■ Aim of the task ■
Please print the data that follows, keeping every line exact.

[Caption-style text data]

━━━━━━━━━━━━━━━━

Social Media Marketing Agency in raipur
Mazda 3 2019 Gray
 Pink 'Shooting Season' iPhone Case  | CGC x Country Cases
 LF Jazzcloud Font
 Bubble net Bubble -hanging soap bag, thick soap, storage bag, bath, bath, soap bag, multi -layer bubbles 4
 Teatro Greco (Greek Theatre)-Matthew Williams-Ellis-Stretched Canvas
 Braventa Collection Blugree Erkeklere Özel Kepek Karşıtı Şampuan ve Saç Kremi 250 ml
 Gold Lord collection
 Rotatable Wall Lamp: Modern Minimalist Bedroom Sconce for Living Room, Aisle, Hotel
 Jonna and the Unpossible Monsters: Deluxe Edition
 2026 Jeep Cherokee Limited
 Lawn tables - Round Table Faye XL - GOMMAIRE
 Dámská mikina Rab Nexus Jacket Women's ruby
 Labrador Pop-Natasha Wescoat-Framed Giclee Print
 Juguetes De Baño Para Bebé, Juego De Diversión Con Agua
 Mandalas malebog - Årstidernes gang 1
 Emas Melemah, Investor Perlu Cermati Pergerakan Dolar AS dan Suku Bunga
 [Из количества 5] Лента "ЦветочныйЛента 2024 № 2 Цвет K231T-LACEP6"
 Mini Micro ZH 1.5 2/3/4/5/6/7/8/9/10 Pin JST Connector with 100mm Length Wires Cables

━━━━━━━━━━━━━━━━

■ Reply ■
Social Media Marketing Agency in raipur
Mazda 3 2019 Gray
 Pink 'Shooting Season' iPhone Case  | CGC x Country Cases
 LF Jazzcloud Font
 Bubble net Bubble -hanging soap bag, thick soap, storage bag, bath, bath, soap bag, multi -layer bubbles 4
 Teatro Greco (Greek Theatre)-Matthew Williams-Ellis-Stretched Canvas
 Braventa Collection Blugree Erkeklere Özel Kepek Karşıtı Şampuan ve Saç Kremi 250 ml
 Gold Lord collection
 Rotatable Wall Lamp: Modern Minimalist Bedroom Sconce for Living Room, Aisle, Hotel
 Jonna and the Unpossible Monsters: Deluxe Edition
 2026 Jeep Cherokee Limited
 Lawn tables - Round Table Faye XL - GOMMAIRE
 Dámská mikina Rab Nexus Jacket Women's ruby
 Labrador Pop-Natasha Wescoat-Framed Giclee Print
 Juguetes De Baño Para Bebé, Juego De Diversión Con Agua
 Mandalas malebog - Årstidernes gang 1
 Emas Melemah, Investor Perlu Cermati Pergerakan Dolar AS dan Suku Bunga
 [Из количества 5] Лента "ЦветочныйЛента 2024 № 2 Цвет K231T-LACEP6"
 Mini Micro ZH 1.5 2/3/4/5/6/7/8/9/10 Pin JST Connector with 100mm Length Wires Cables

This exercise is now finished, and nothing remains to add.